- _Exercise_
Starting at the line that contains "walk of fame hollywood", reproduce every line through the end of the entries below, with no pictures in the copy.

(Caption-style text data)
═══

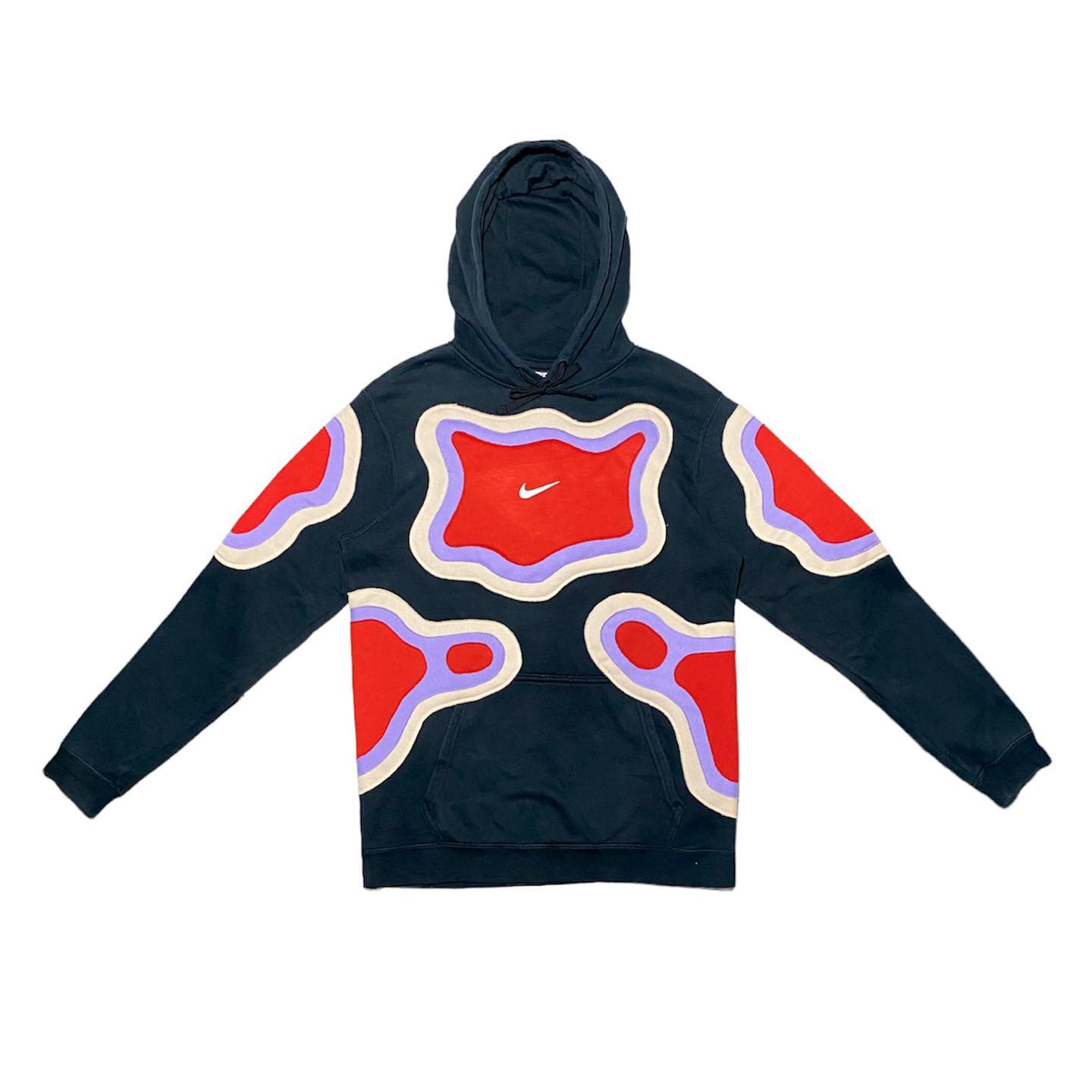 Reworked Nike Thermal Hoodie Blood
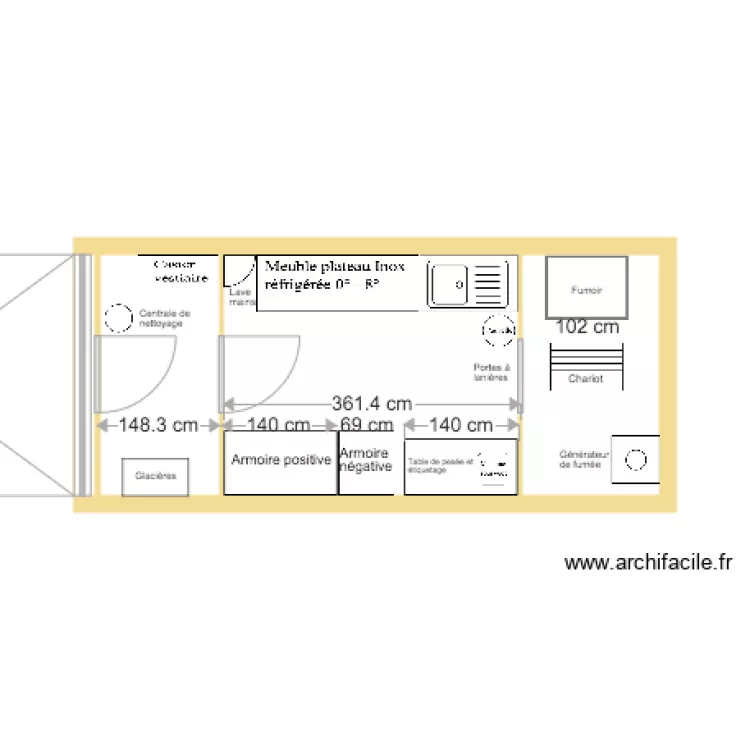Plan atelier fumage oct 2016. Plan de 
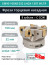 Фреза торцевая насадная 100 мм, посадка 32 мм, 8 зубьев EM90 100X8 032 LNGX 1307 WLTR (с СОЖ) под пластину WALTER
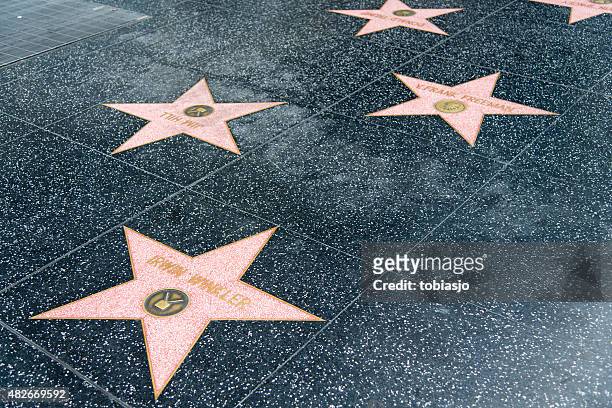 walk of fame hollywood star - britney spears - walk of fame stock pictures, royalty-free photos & images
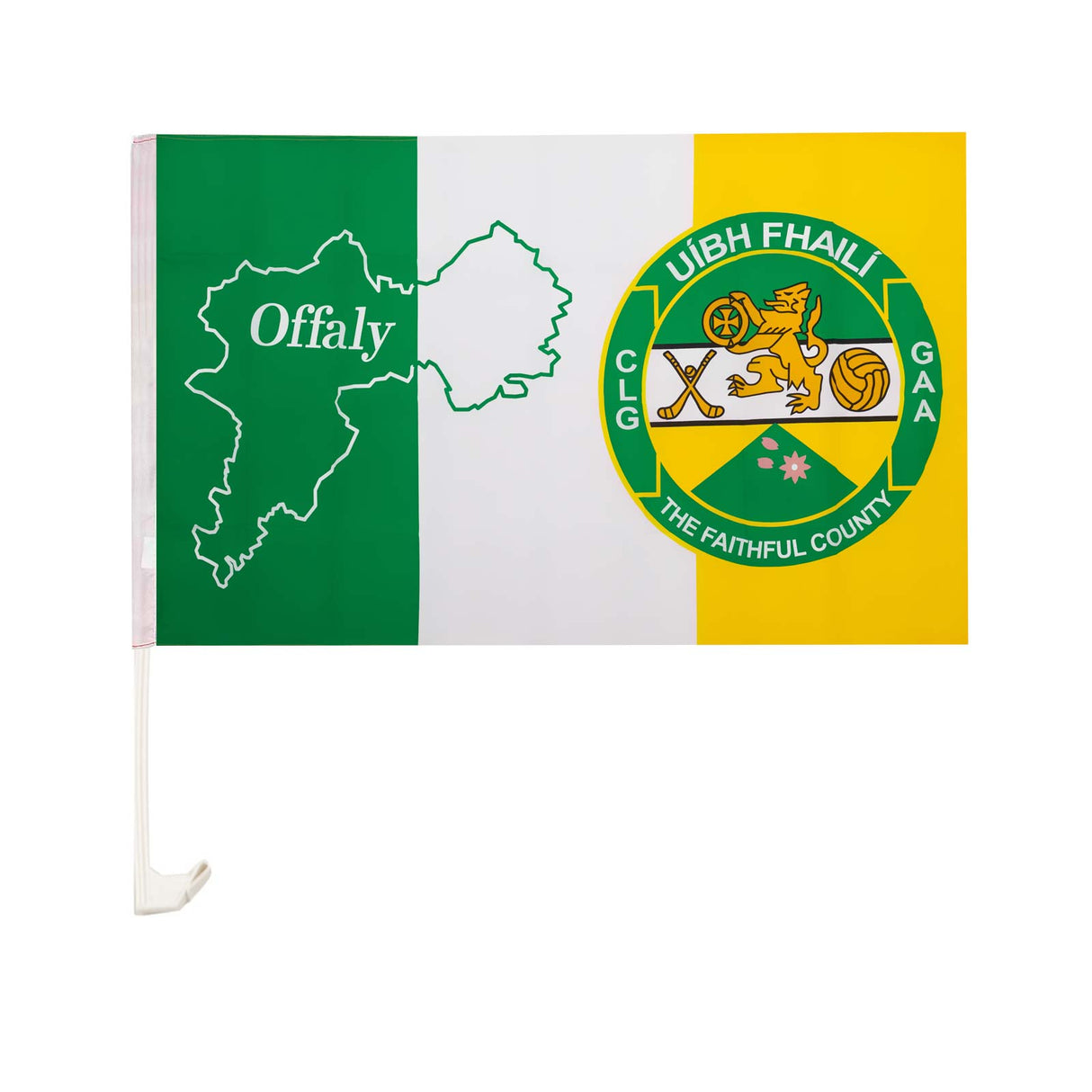 TEAM CAR FLAG Offaly Car Flag Green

═══

- _Response to this task_
 walk of fame hollywood star - britney spears - walk of fame stock pictures, royalty-free photos & images
 TEAM CAR FLAG Offaly Car Flag Green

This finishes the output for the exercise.